Cet ouvrage regroupe les contributions du colloque pluridisciplinaire réunissant à Toulouse et dans le Lot, en octobre 2018, des universitaires, des élus, des représentants de l'état mobilisés autour des Chemins de Saint-Jacques désormais inscrits au patrimoine mondial de l'UNESCO.
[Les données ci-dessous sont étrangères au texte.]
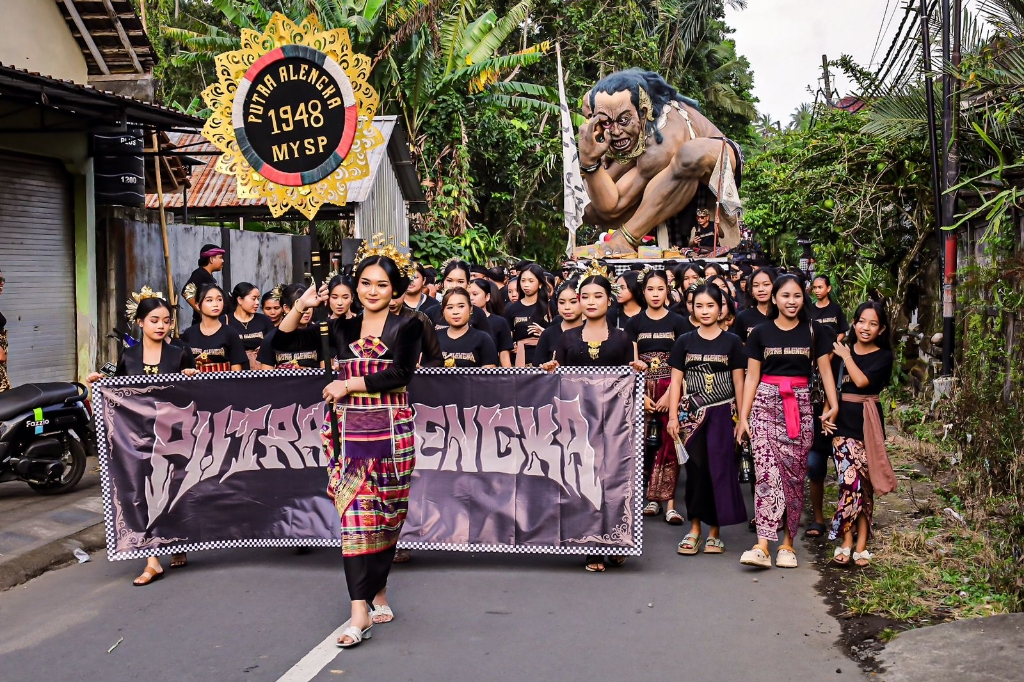 Pawai Ogoh-Ogoh Warnai Duda Timur Jelang Nyepi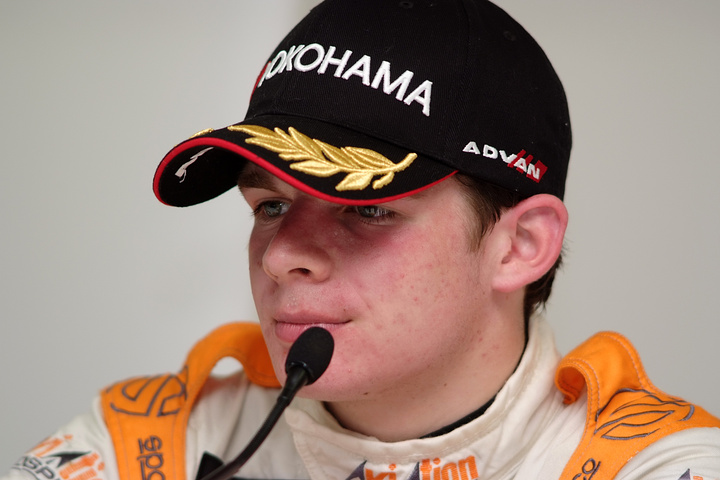 決勝記者会見: Nクラス優勝はギャリー・トンプソン（KCMG）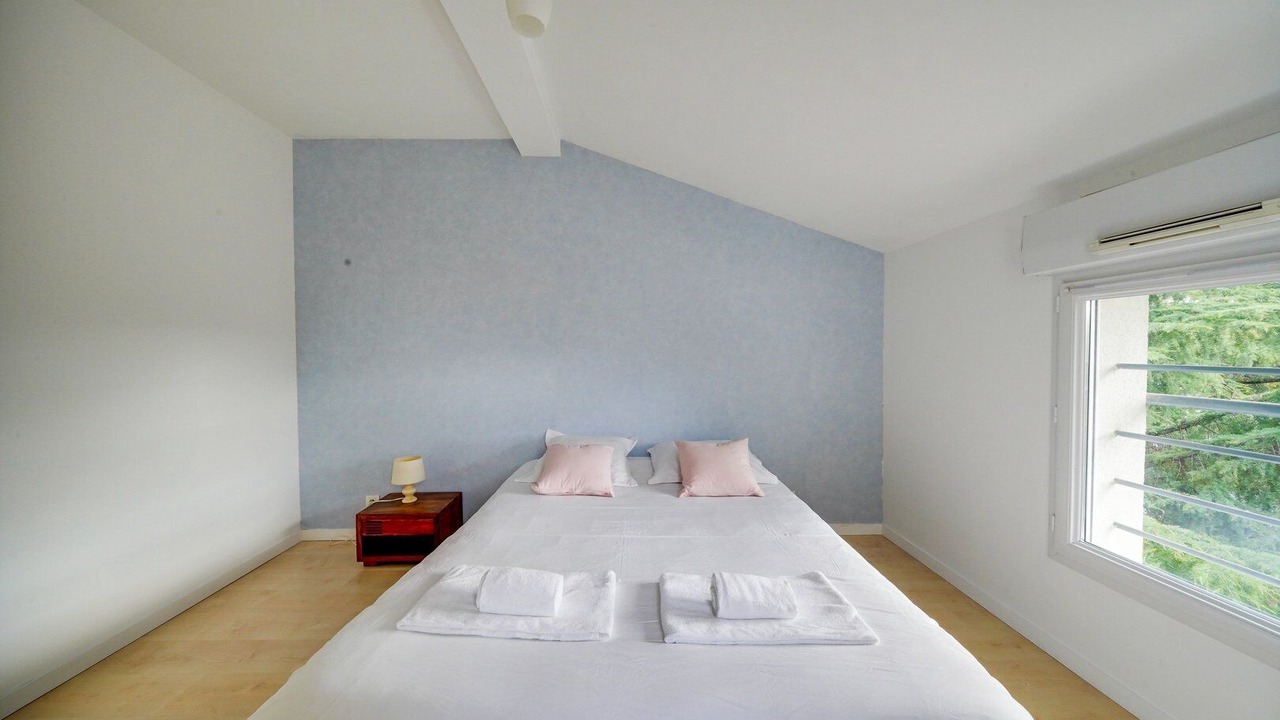 Photo of Bedroom in Merignac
Cette manifestation étant internationale, plusieurs conférenciers s'expriment en anglais ou en espagnol et l'éditeur n'a pas traduit leurs interventions. Par ailleurs, le contexte universitaire explique que certains exposés sont truffés d'acronymes plus complexes à comprendre qu'un texte en anglais ou en espagnol … qui sait que FRAMESPA évoque « France Amériques Espagne Sociétés Pouvoirs Acteurs » et qui devine que VUE désigne une « Valeur Universelle Exceptionnelle » ? Patrick Fraysse et Daniel Jacobi rappellent d'ailleurs (p.261) que «l'histoire, comme toutes les sciences, est publié dans un jargon scientifique difficilement compréhensible par un public de non-spécialistes ». D'où le temps que j'ai investi à décrypter certains articles, mais je suis largement récompensé car ils sont passionnants et m'ont rajeuni de 60 ans puisque c'est en 1962 que j'ai découvert Compostelle.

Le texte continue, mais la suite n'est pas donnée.